# Download data from sources

**Imports**

In [1]:
import os
import requests
import zipfile
from tqdm.notebook import tqdm
from dotenv import load_dotenv

In [2]:
load_dotenv()

DATA_INPUT = os.getenv("DATA_INPUT")

DATA_INPUT_KRP = os.getenv("DATA_INPUT_KRP")
DATA_INPUT_RRB = os.getenv("DATA_INPUT_RRB")
DATA_INPUT_OS = os.getenv("DATA_INPUT_OS")
DATA_INPUT_ABl = os.getenv("DATA_INPUT_ABl")

BASE_FOLDERS = [
    DATA_INPUT,
    DATA_INPUT_KRP,
    DATA_INPUT_RRB,
    DATA_INPUT_OS,
    DATA_INPUT_ABl,
]

KRP_SOURCE_1803 = os.getenv("KRP_SOURCE_1803")
KRP_SOURCE_1899 = os.getenv("KRP_SOURCE_1899")

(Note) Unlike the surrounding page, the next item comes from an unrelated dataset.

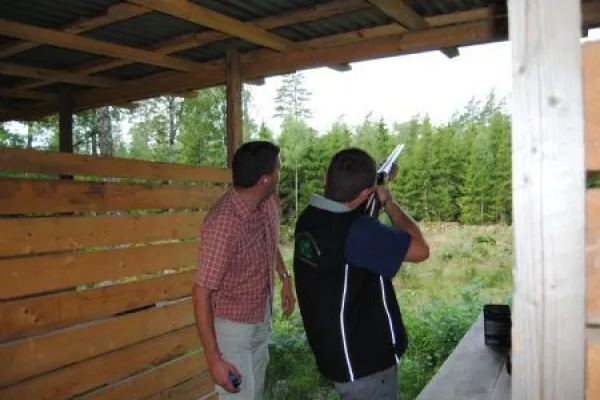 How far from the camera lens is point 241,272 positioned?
8.68 ft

RRB_SOURCE_1803 = os.getenv("RRB_SOURCE_1803")
RRB_SOURCE_1887 = os.getenv("RRB_SOURCE_1887")
RRB_SOURCE_1903 = os.getenv("RRB_SOURCE_1903")

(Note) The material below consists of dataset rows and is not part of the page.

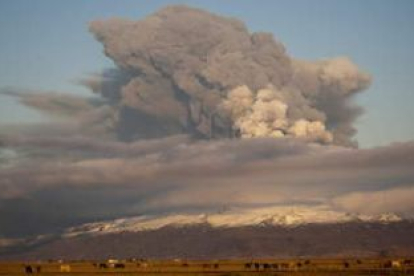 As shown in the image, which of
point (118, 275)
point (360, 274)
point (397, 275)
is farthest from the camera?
point (118, 275)

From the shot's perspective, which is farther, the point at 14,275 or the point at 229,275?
the point at 14,275

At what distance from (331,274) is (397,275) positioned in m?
16.3

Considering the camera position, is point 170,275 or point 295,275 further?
point 170,275

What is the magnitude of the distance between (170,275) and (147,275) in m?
6.20

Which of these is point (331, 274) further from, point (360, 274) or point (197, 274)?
point (197, 274)

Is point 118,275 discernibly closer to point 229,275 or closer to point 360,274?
point 229,275

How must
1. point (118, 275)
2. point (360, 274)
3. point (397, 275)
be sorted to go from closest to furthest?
point (397, 275) < point (360, 274) < point (118, 275)

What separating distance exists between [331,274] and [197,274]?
A: 1364 inches

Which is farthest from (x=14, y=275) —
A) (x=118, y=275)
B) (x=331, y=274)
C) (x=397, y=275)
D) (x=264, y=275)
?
(x=397, y=275)

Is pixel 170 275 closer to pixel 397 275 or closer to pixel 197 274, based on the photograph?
pixel 197 274

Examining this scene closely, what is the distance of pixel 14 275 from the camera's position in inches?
7849

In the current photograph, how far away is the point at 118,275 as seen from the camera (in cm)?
19362

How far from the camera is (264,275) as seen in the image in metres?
185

OS_SOURCE_1803 = os.getenv("OS_SOURCE_1803")

ABl_SOURCE_1980 = os.getenv("ABl_SOURCE_1980")

### Setup folders

In [3]:
for folder in BASE_FOLDERS:
    if not os.path.exists(folder):
        os.makedirs(folder)
        with open(f"{folder}/_placeholder.md", "w") as f:
            f.write(
                "Placeholder file that makes sure the folder structure is uploaded to GitHub.\n"
            )

### Download and unzip data

In [4]:
source_data_dict = {
    KRP_SOURCE_1803: DATA_INPUT_KRP,
    KRP_SOURCE_1899: DATA_INPUT_KRP,
    RRB_SOURCE_1803: DATA_INPUT_RRB,
    RRB_SOURCE_1887: DATA_INPUT_RRB,
    RRB_SOURCE_1903: DATA_INPUT_RRB,
    OS_SOURCE_1803: DATA_INPUT_OS,
    ABl_SOURCE_1980: DATA_INPUT_ABl,
}

In [None]:
for source_url, data_folder in tqdm(source_data_dict.items()):
    print(f"Downloading: {source_url}\nto: {data_folder}")
    print()
    raw = requests.get(source_url)
    if raw.status_code == 200:
        with open(f"{data_folder}/tmp.zip", "wb") as f:
            f.write(raw.content)
    else:
        print("Error downloading file")

    with zipfile.ZipFile(f"{data_folder}/tmp.zip", "r") as zip_ref:
        zip_ref.extractall(f"{data_folder}")

    os.remove(f"{data_folder}/tmp.zip")